* **About this exercise**: Which lines of the entries below contain the string "дисплей"? Copy each one.

[Dataset entries]
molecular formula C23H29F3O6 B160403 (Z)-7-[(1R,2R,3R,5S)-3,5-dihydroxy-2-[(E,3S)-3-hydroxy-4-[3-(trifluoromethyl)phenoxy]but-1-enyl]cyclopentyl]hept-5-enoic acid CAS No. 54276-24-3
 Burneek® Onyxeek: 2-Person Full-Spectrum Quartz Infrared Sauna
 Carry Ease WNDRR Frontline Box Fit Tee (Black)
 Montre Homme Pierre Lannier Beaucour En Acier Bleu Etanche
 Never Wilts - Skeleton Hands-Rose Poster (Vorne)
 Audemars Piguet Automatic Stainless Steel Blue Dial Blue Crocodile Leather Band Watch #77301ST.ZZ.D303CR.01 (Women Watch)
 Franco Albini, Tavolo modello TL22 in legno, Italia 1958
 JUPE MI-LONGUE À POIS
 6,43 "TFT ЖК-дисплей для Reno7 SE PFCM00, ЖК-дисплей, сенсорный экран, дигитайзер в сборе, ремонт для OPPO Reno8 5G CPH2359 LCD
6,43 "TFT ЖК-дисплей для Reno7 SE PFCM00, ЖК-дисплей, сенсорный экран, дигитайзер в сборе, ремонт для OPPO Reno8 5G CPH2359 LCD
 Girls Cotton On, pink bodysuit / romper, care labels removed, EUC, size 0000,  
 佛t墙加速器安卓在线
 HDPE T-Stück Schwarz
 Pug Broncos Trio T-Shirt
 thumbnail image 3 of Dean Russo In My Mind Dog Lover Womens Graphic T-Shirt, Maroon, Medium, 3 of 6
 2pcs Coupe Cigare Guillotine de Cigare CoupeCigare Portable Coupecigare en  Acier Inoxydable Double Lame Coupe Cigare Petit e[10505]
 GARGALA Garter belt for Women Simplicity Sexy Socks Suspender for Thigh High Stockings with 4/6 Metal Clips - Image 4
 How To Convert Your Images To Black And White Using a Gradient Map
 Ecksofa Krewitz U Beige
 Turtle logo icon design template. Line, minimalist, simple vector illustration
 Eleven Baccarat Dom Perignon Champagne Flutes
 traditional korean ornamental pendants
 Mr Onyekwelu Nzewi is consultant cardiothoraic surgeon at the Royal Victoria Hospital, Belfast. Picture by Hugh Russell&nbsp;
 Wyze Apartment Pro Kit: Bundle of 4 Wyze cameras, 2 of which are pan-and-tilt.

* **Solution to this exercise**:
 6,43 "TFT ЖК-дисплей для Reno7 SE PFCM00, ЖК-дисплей, сенсорный экран, дигитайзер в сборе, ремонт для OPPO Reno8 5G CPH2359 LCD
6,43 "TFT ЖК-дисплей для Reno7 SE PFCM00, ЖК-дисплей, сенсорный экран, дигитайзер в сборе, ремонт для OPPO Reno8 5G CPH2359 LCD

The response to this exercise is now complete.